At the turn of the 20th century, Henson (1866-1955), a leading member of the 1909 Robert Peary Expedition, sponsored by the National Geographic Society, was the first person in history to stand on the North Pole. This remarkable accomplishment was ignored and even denied by many who refused to give credit to a Black American. To encourage a new generation of explorers to seek out and achieve uncommon endeavors of human fortitude and resilience, the Matthew Henson Scholarship provides the training and resources necessary for early-career guides and trip leaders.
“There’s no limit to the impact we can have by changing the landscape of the outdoor industry and inspiring a new generation of backcountry users to be as passionate as we all are about diversity and inclusion in the outdoors (and especially in cold weather recreation),” says Polar Explorers director Annie Aggens.
This year’s scholarship recipient is already an accomplished adventure guide, and is based in Chile. Carla-Paz was born and raised near the ocean and has been exploring nature and exotic places from a young age. She has lived in six different countries and has visited others in pursuit of adventure. She enjoys solo traveling and has committed to personal expeditions – from backpacking through India (age 19), traveling along the Amazon River from start to finish (age 20) and backpacking throughout South America on several occasions. She also finds that bicycling is one of the best ways to travel. Carla-Paz has ridden her bike more than 1000km across northern Patagonia in 50 days and also cycled solo from Vancouver, Canada, to San Francisco, California, in 30 days.

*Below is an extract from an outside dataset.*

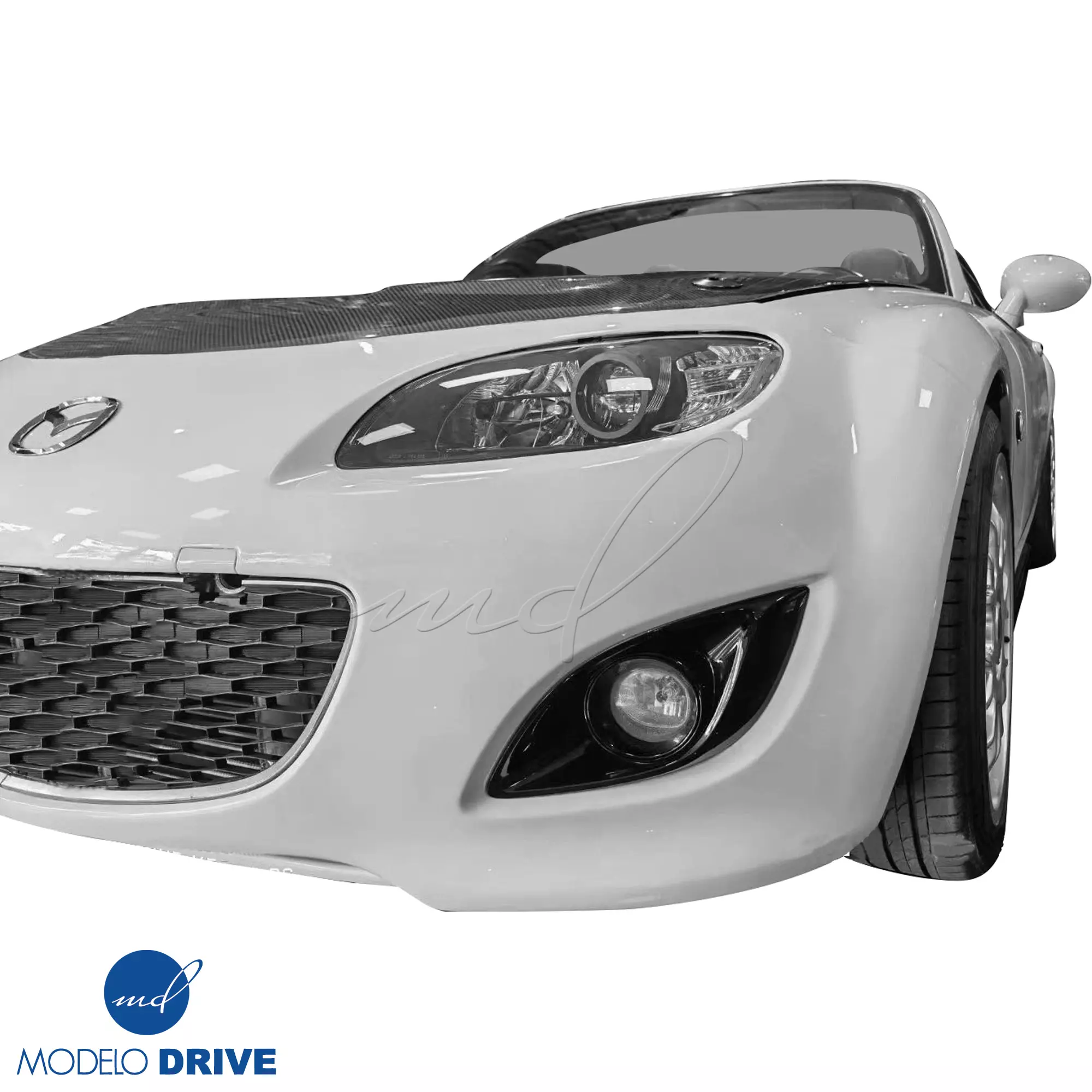 ModeloDrive Carbon Fiber RAME A9 Hood > Mazda Miata (NC) 2006-2015 - Image 4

Working as a guide in Patagonia, and camps in Antarctica, has given her a love of remote and cold places. She thrives in rough environments with raw wilderness. She says it is in nature’s “uncomfortable comfort” where she feels most at home.
In her scholarship application, Carla-Paz described her desire to make outdoor experiences more accessible to people of color, who are seldom represented among the global community of professional guides and adventurers.
“As a POC and a woman from South America, with only my life experience to back my knowledge, it’s sometimes difficult to be taken seriously. Most of the time, the industry tends to underestimate my capacities and abilities due to their preconceived prejudices. More often than not, I have to prove my self-worth and abilities on the job by successfully exceeding their expectations,” she wrote. “I often found myself being the only POC, Latino-woman, in the settings I’m working, and even though the situation has improved in the last decade or so, diversity is still extremely elusive in the outdoor industry.”
In the spirit of what this scholarship aims to achieve, Carla-Paz said she looks forward to encouraging others like her to pursue careers in outdoor recreation as well.
“Having worked in the outdoor industry for more than a decade, I’ve made it a personal goal to inspire and bring nature to minorities, such as people of color, especially women of color, who are rarely seen guiding and even practicing activities outdoors,” she wrote. “I aim to be a part of the evolution of creating safe spaces in the mountains, rivers and nature for all people who historically have been marginalized, culturally and economically, from enjoying the great outdoors.”
The Matthew Henson Scholarship is part of the continuing mission of Polar Explorers and the Joy Trip Project to provide both training assistance and role models for aspiring outdoor professionals. As a two-year commitment, Carla-Paz will help mentor the next recipient of this award in 2025. In cooperation with several outdoor industry companies, we hope to create pathways toward worthwhile employment and career advancement opportunities. We are grateful to the many organizations that provide us with gear and clothing items to support the safety and comfort of our participants each year.